- WORK REQUEST:
Once the line containing "In this tutorial" is found in the entries below, restate it and each following line word for word, stopping after the line containing "And then go".

- INFORMATION PROVIDED:
------------------------------------------------------------

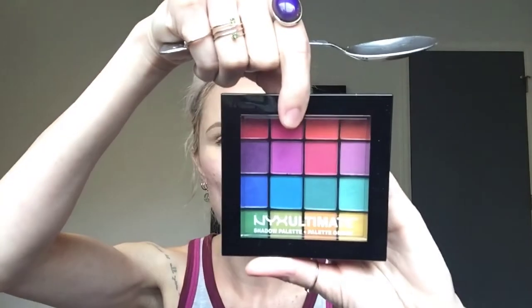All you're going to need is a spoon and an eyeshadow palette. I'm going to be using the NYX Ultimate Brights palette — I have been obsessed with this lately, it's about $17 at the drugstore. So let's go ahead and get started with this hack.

------------------------------------------------------------

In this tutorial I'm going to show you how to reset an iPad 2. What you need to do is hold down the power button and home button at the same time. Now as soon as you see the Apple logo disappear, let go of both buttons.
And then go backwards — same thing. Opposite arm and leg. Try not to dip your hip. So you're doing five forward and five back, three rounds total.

------------------------------------------------------------

- TASK RESULT:
In this tutorial I'm going to show you how to reset an iPad 2. What you need to do is hold down the power button and home button at the same time. Now as soon as you see the Apple logo disappear, let go of both buttons.
And then go backwards — same thing. Opposite arm and leg. Try not to dip your hip. So you're doing five forward and five back, three rounds total.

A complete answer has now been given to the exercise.